Plus, there is no telling what changes have been made to the O/S that might affect your applications that have been installed.

It’s possible for you to create a new VM from your captured image, or even to use your old VM’s O/S disk to create a new VM.
However, both of the above mean you will have a new VM.  Like I said, who knows what changes could have been introduced from the sysprep process.  Maybe it’s better to rebuild…

Because the disk files are still present you can rescue your data and look at the original O/S disk files.
Here’s how I did it.

I’m starting from the point of holding my head in my hands after clicking “Capture“!
The next steps I took were:

– Delete your original VM (just the VM).  The disk files will remain, but at least you can create a new VM of the same name (I liked the original name).

– Create a new Linux VM, same as you did for the one you’ve just lost.
Use the same install image if possible.

– Within the properties of your new VM, go to the “Disks” area.

– Click to add a new data disk.
We will then be able to attach the existing O/S disk to the virtual machine (you will need to find itin the list).
You can add other data disks from the old VM if you need to.

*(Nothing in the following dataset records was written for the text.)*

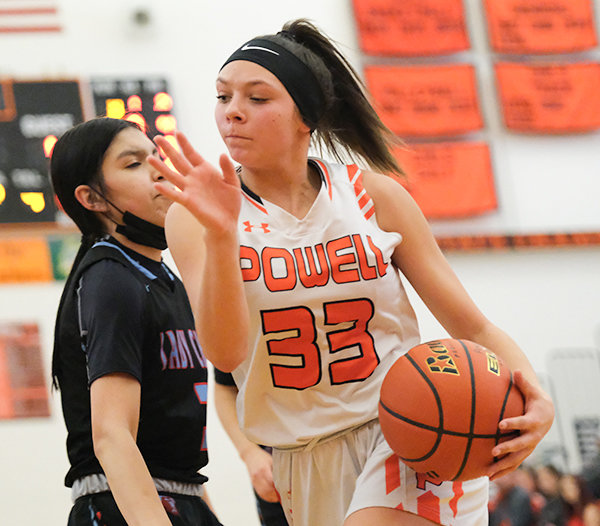 PHS freshman Catelynn Floy navigates past a Wyoming Indian defender during their semifinal matchup on Saturday. Floy finished with a game-high 19 points to help push the Panthers past the Lady Chiefs.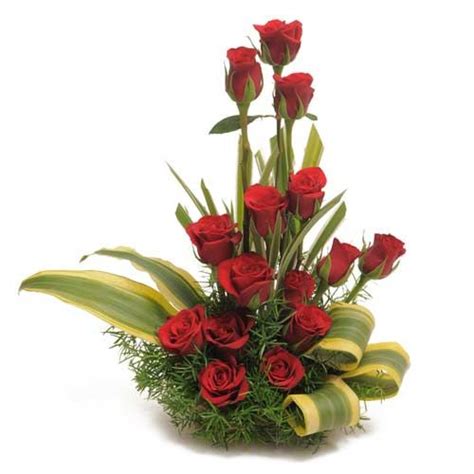 15 Red Roses And Exotic Leaves Arrangement J K Florist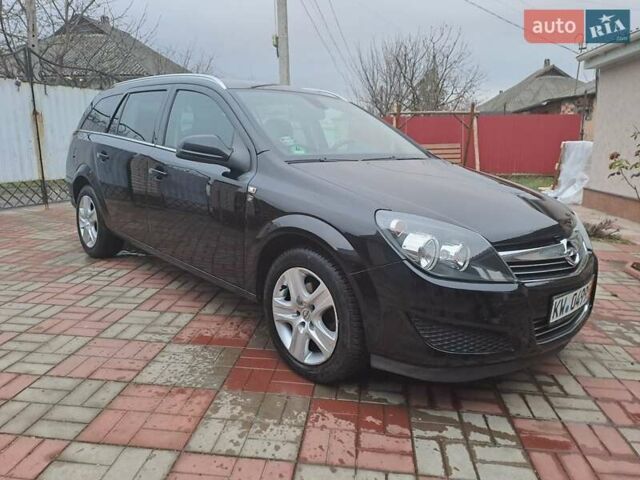 Черный Опель Астра, объемом двигателя 1.6 л и пробегом 209 тыс. км за 5800 $, фото 7 на Automoto.ua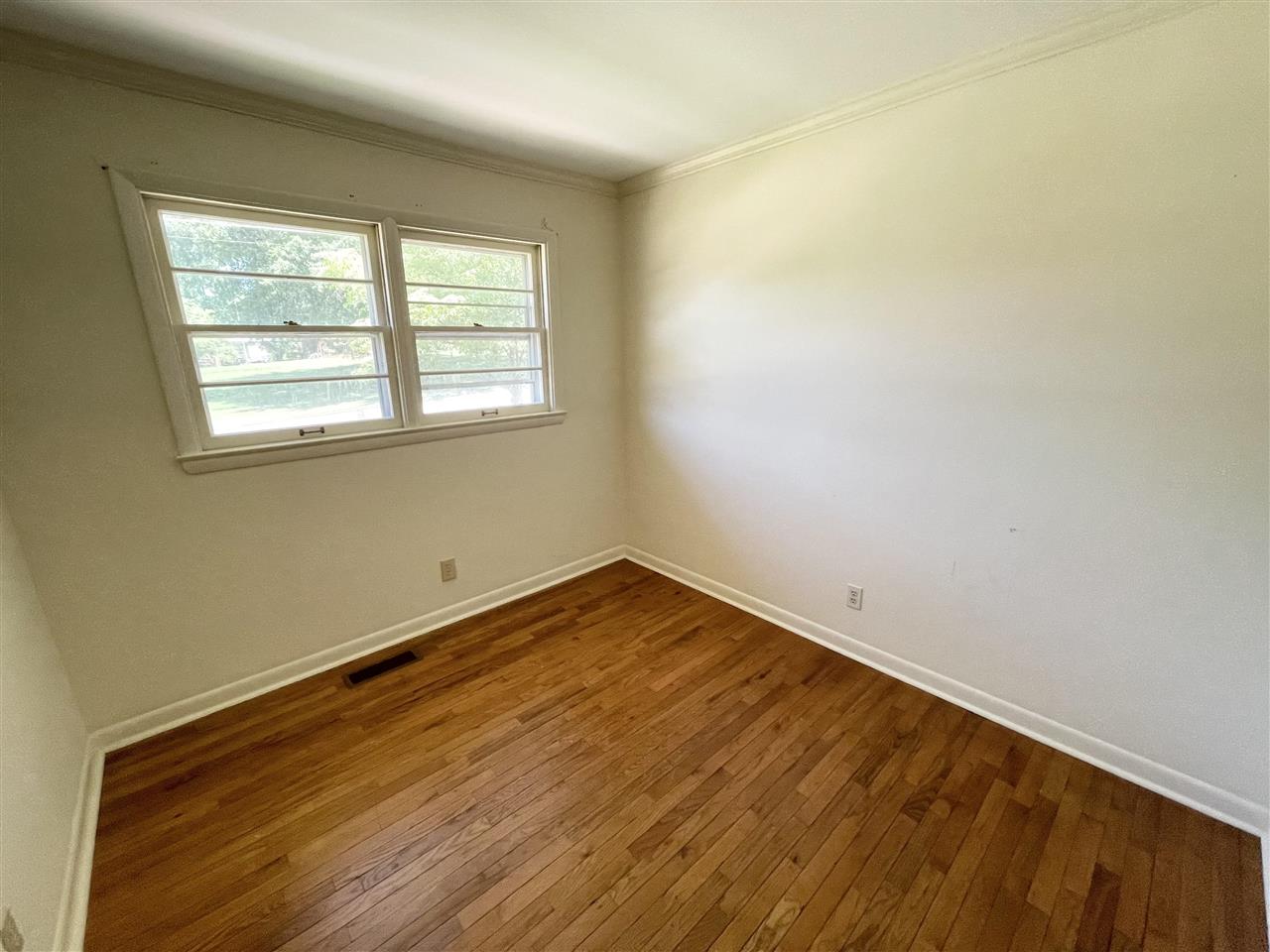 256 Thompson Drive Ripley, TN 38063 - Photo 11 of 17 an empty room with wooden floor and windows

Once your disks are attached to your new Linux VM, you just need to mount them up.
For my specific scenario, I could see that the root partition “/” on my new Linux VM, was of type “ext4” (check the output of ‘df -h’ command).
This means that my old VM’s root partition format would have also been ext4.
Therefore I just needed to find and mount the new disk in the O/S of my new VM.

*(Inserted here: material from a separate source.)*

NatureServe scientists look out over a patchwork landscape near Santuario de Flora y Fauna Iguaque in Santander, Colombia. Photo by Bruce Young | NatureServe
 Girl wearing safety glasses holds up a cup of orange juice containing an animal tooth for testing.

As root on the new Linux VM find the last disk device added:

# ls -ltr /dev/sd*

The last line is your old VM disk.  Mine was device /dev/sdc and specifically, I needed partition 2 (the whole disk), so I would choose /dev/sdc2.

Mount the disk:

# mkdir /old_vm
# mount -t ext4 /dev/sdc2 /old_vm

I could then access the disk and copy any required files/settings:

# cd /old_vm

Once completed, I unmounted the old O/S disk in the new Linux VM:

# umount /old_vm

Then, back in the Azure Portal in the disks area of the new VM (in Edit mode), I detatched the old disk:

 

Once those disks are not owned by a VM anymore (you can see in the properties for the specific disk), then it’s safe to delete them.